Report at the 75th percentile (p75), which is what Google uses for ranking. Your median user might have good performance while your p75 user fails — and it's the p75 that determines your ranking signal.

Performance Budgets

Set concrete budgets and enforce them in CI:

Metric Budget Enforcement
LCP ≤ 1.5s Lighthouse CI assertion
CLS ≤ 0.05 Lighthouse CI assertion
INP ≤ 150ms Manual testing on low-end device
Total JS ≤ 200KB gzipped Bundle size check in CI
Total page weight ≤ 500KB Webpack/Turbopack budget plugin

At Empirium, every project ships with Lighthouse CI configured in the deployment pipeline. Builds that regress Core Web Vitals below budget fail automatically. Read more about our approach in real user monitoring vs Lighthouse.

FAQ

Do Core Web Vitals differ between mobile and desktop?

Yes. Google evaluates mobile and desktop separately. Most sites fail on mobile but pass on desktop because mobile devices have slower processors and mobile networks have higher latency. Google uses the mobile score for mobile rankings and desktop score for desktop rankings. Optimize for mobile first — that's where most of your traffic comes from, and it's the harder target.

How much do third-party scripts impact Core Web Vitals?

Significantly. A typical analytics + chat widget + cookie consent stack adds 150-300ms to LCP and can easily cause INP failures. Audit your third-party scripts quarterly. Load non-essential scripts with async and defer their execution until after the page becomes interactive. If a third-party script consistently causes INP failures, replace it or remove it.

Does the framework choice affect Core Web Vitals?

Absolutely. Static site generators (Next.js with SSG, Astro) consistently outperform client-side-rendered SPAs (Create React App, Vue CLI) on LCP and INP. Server-side rendering (Next.js with SSR) falls in between. The framework doesn't guarantee good performance, but it sets your baseline. We use Next.js with static generation at Empirium because it gives us the best starting point for all three metrics.

How quickly do Core Web Vitals improvements affect rankings?

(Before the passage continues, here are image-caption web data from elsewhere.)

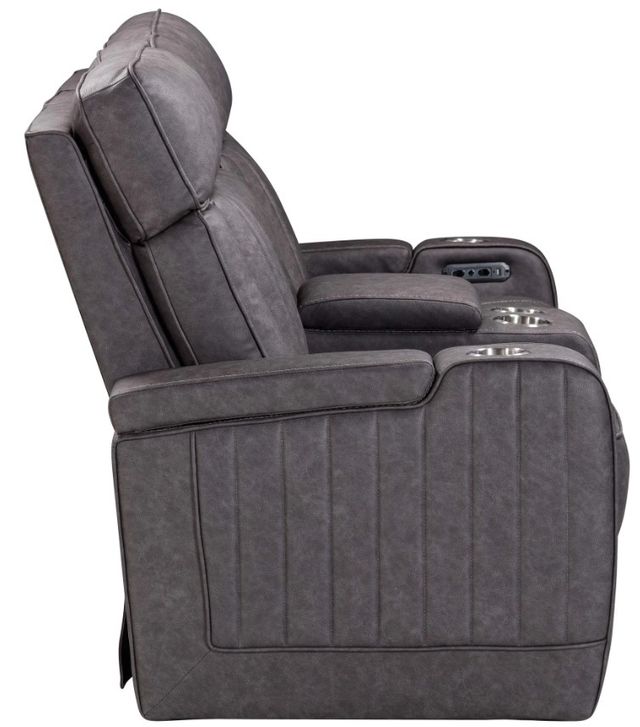 Parker House® Equinox Mercury Power Theater Reclining Loveseat with Headrest-3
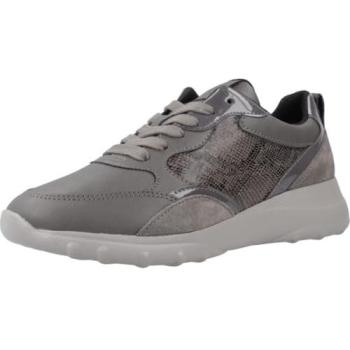 Geox Modelo D Alleniee C9002: Zapatillas Deportivas Gris Femeninas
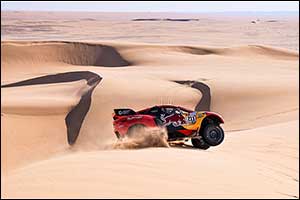 Loeb Closes the Gap Again to Turn Up  Dakar Pressure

Google uses a 28-day rolling average of CrUX data. After you deploy improvements, it takes 28 days for the full effect to appear in CrUX, and then additional time for Google to factor the updated data into rankings. Total timeline: 4-8 weeks from deployment to ranking impact. Don't expect overnight results, but do expect measurable improvement within two months.

Can I pass Core Web Vitals with WordPress?

Technically yes, practically difficult. A stock WordPress install with a lightweight theme can pass. But the moment you add 10+ plugins, a page builder, WooCommerce, and a theme with built-in animations, you're fighting an uphill battle. The WordPress sites we've audited average 4.2s LCP on mobile. It's fixable, but the effort often exceeds the cost of rebuilding on a modern framework. See our WordPress alternatives analysis for the comparison.